◆ Records from a collection:
☆ ☆ ☆ ☆ ☆ ☆ ☆

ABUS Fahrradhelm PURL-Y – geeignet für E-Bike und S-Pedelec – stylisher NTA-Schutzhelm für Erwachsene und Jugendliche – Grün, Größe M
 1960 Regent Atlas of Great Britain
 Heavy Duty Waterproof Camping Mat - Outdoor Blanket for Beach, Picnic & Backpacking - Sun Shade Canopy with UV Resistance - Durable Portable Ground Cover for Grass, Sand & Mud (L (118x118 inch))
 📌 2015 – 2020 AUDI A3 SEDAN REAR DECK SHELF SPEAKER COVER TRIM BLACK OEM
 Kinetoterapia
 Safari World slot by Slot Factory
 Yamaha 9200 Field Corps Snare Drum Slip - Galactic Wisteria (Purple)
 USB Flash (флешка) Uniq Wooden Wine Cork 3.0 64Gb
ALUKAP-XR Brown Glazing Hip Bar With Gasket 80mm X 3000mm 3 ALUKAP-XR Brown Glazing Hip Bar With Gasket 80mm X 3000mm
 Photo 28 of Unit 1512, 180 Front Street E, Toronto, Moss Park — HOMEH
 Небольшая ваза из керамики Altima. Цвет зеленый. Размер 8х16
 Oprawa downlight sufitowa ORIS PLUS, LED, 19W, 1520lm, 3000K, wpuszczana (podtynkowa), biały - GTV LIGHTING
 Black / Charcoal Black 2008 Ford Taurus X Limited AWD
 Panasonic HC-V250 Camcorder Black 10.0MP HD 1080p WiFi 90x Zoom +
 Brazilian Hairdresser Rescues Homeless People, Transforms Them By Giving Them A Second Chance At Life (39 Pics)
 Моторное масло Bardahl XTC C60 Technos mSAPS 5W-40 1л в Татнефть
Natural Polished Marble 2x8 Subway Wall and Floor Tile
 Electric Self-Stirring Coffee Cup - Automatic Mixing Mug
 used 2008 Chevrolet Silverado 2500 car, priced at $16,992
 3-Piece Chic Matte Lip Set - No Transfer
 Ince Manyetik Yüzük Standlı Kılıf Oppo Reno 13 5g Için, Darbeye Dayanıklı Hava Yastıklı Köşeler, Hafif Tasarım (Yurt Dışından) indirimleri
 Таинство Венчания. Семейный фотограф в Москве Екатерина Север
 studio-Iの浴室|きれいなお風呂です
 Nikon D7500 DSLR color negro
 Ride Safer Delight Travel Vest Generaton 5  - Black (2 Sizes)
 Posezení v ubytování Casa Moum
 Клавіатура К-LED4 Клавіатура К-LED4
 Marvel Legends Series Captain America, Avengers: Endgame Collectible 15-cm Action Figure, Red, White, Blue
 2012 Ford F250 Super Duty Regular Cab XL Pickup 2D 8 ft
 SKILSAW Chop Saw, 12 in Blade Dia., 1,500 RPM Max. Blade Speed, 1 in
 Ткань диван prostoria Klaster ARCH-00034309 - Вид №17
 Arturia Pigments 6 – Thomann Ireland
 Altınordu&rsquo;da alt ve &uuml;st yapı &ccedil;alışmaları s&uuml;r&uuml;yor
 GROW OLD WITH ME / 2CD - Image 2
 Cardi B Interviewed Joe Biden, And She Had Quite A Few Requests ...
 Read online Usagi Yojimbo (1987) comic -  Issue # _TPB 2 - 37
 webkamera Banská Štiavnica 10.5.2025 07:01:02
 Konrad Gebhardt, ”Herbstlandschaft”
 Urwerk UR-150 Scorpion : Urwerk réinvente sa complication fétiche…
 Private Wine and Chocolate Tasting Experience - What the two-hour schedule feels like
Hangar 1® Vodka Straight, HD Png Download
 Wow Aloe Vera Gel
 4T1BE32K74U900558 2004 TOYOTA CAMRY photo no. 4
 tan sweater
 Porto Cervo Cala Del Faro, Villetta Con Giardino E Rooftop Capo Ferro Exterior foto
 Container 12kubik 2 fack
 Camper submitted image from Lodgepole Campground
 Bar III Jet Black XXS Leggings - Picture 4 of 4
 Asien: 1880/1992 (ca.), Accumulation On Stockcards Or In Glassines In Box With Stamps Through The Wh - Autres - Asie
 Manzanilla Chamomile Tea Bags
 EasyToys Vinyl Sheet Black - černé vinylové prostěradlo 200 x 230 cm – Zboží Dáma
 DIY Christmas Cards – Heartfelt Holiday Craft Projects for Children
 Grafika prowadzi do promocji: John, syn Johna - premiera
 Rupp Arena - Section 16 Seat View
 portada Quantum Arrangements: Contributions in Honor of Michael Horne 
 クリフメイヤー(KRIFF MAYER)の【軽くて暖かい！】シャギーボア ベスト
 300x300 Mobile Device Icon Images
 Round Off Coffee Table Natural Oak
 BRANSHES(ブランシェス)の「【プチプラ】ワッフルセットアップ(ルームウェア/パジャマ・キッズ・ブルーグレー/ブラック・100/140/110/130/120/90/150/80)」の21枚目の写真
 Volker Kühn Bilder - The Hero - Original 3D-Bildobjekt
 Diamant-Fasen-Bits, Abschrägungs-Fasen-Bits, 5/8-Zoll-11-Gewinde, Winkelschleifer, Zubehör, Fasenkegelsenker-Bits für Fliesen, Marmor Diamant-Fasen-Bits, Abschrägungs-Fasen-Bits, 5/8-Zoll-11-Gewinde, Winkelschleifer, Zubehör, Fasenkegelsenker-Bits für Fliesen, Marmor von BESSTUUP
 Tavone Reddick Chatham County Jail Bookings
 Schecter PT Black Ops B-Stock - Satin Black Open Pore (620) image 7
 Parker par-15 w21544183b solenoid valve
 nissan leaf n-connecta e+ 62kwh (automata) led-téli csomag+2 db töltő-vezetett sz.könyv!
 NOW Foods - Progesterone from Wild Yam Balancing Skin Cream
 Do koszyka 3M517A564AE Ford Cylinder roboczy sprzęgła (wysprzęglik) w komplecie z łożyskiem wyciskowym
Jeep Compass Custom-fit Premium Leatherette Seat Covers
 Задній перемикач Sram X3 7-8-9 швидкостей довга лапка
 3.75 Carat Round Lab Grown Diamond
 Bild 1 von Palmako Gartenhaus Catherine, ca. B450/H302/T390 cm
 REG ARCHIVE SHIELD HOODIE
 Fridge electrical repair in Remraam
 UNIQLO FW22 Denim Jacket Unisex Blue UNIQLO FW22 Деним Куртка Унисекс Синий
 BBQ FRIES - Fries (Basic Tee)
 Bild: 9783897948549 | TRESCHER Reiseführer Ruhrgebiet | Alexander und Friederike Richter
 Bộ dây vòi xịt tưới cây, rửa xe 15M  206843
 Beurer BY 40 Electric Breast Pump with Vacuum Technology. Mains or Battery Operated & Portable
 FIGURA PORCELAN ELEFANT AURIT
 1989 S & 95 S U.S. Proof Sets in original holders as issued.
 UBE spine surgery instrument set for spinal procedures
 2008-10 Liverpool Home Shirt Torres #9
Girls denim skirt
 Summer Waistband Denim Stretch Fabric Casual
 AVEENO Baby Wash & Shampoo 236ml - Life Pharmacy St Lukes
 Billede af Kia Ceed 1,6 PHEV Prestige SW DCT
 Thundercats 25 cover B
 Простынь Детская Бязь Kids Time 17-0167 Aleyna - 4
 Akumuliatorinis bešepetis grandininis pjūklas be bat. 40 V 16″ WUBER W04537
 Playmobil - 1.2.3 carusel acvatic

☆ ☆ ☆ ☆ ☆ ☆ ☆

◆ Your assignment:
Whenever a line holds "Blue", it counts; state the total for the records and add nothing.

◆ Result for this exercise:
2